REQUIRED ACTION: Could the entries below be transcribed word for word, with the pictures omitted?

DATA SHOWN:
•••

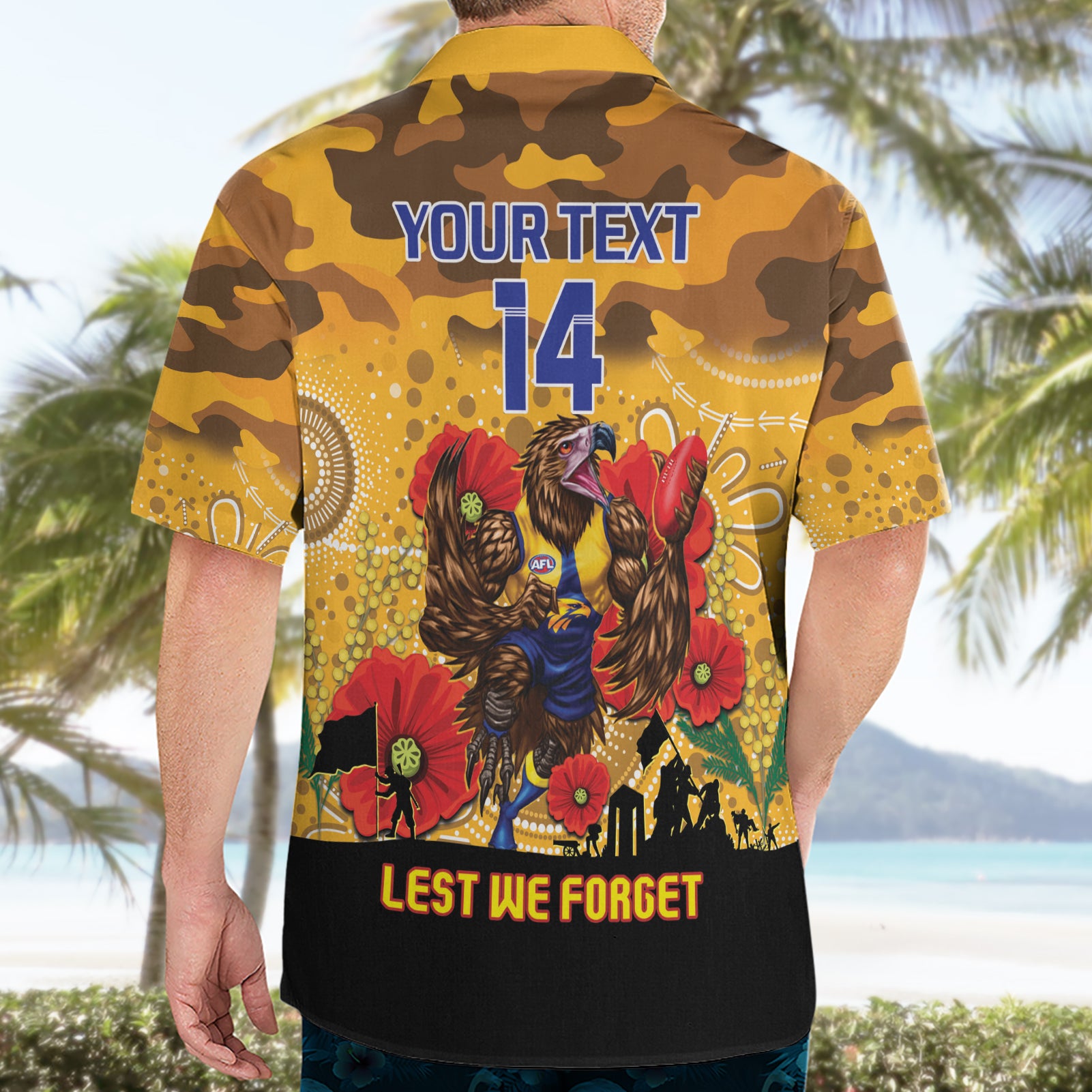 Custom Eagles Football ANZAC Hawaiian Shirt Gallipoli Camouflage With Poppies - Vibe Hoodie Shop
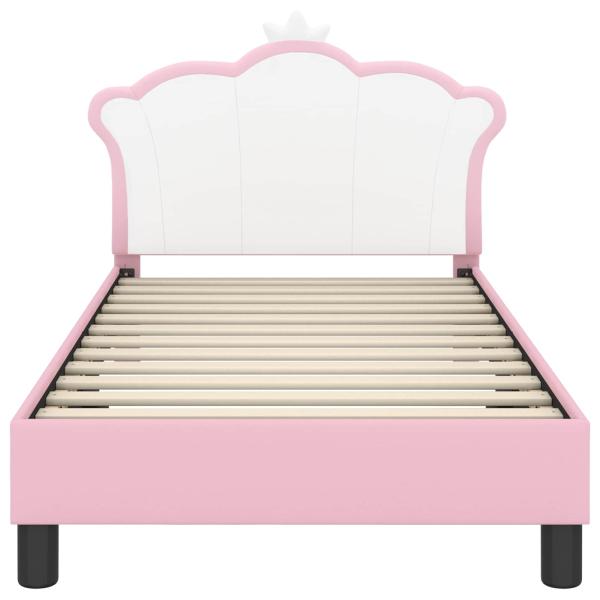 Kinderbettgestell mit Kopfteil Rosa 80 x 160 cm PU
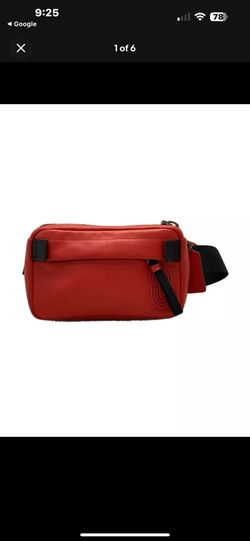 Coach Pouch Leather Red Plain 6786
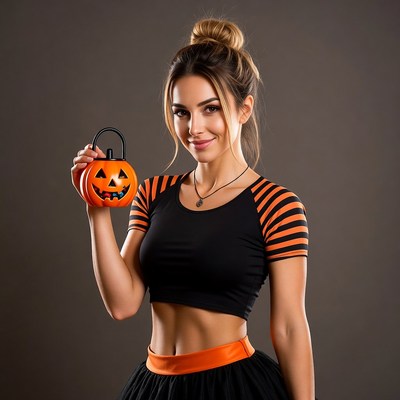 Woman holding jack-o-lantern pumpkin
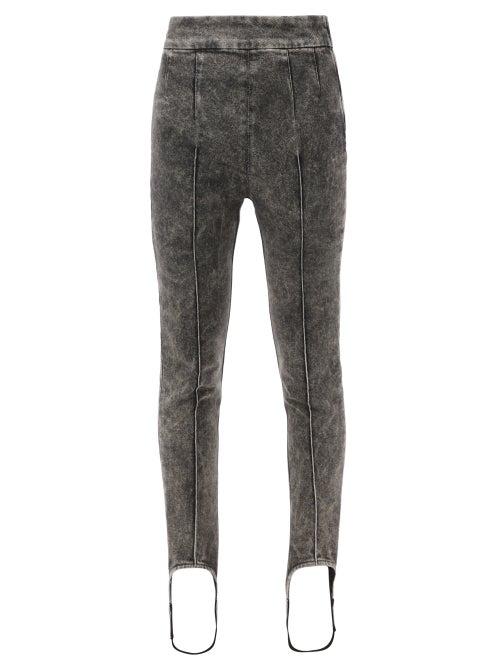 Matchesfashion.com Isabel Marant - Nanouli Acid-washed Denim Stirrup Leggings - Womens - Black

•••

RESPONSE FOR THIS EXERCISE:
 Custom Eagles Football ANZAC Hawaiian Shirt Gallipoli Camouflage With Poppies - Vibe Hoodie Shop
 Kinderbettgestell mit Kopfteil Rosa 80 x 160 cm PU
 Coach Pouch Leather Red Plain 6786
 Woman holding jack-o-lantern pumpkin
 Matchesfashion.com Isabel Marant - Nanouli Acid-washed Denim Stirrup Leggings - Womens - Black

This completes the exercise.